What can parents do?
1. As parents, we can make a difference in the diets of our children. Once your child is over two years old, we recommend serving only water, low-fat or non-fat plain milk, and small (i.e., 4-6 ounces) of 100 percent juice maximum each day. When your child is 7-years-old or older, juice can go up to 8-12 ounces per day.
2. If you want something fizzy, try mixing a small amount of juice with some seltzer water for a homemade fruit drink.

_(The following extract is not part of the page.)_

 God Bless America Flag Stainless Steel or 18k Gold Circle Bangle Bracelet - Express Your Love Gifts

3. Ignore the front of the package. Read the nutrition labels and ingredients labels carefully and check for sugar, artificial sweeteners and artificial flavors. Remember, four grams of sugar equals one teaspoon. Most children should not consume more than 15 grams of added sugar per day -- that's between 3 and 4 teaspoons. But just one 8-ounce fruit drink usually has over six teaspoons of added sugar.

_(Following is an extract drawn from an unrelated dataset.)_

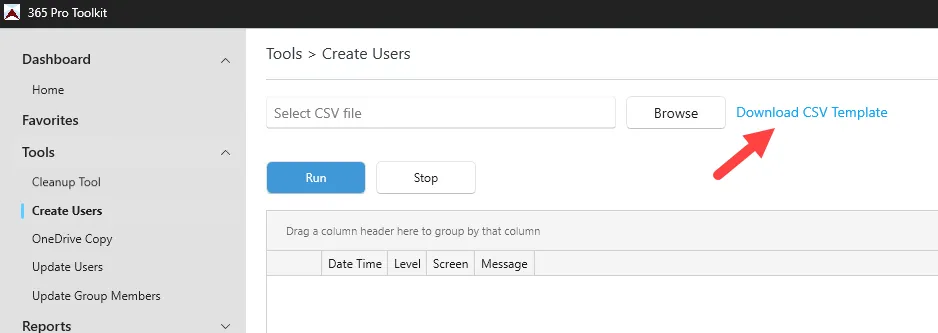 download csv file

What can the beverage industry do?
1. The beverage industry needs to help parents not undermine their efforts to limit added sugar. If the beverages are marketed to children or teens, they should be water, milk or 100 percent juice, and contain no added sugar, artificial colors, flavors, sweeteners or caffeine.
2. If any of these ingredients are added to the product, it should be disclosed clearly and consistently on the front of the package. Nutrition-related claims that are potentially misleading to consumers should be removed.
3. Parents are concerned about caffeine. The industry must stop targeting teens with marketing for sugary drinks and caffeinated products, and the amount of caffeine in every product should be disclosed on the packaging and online.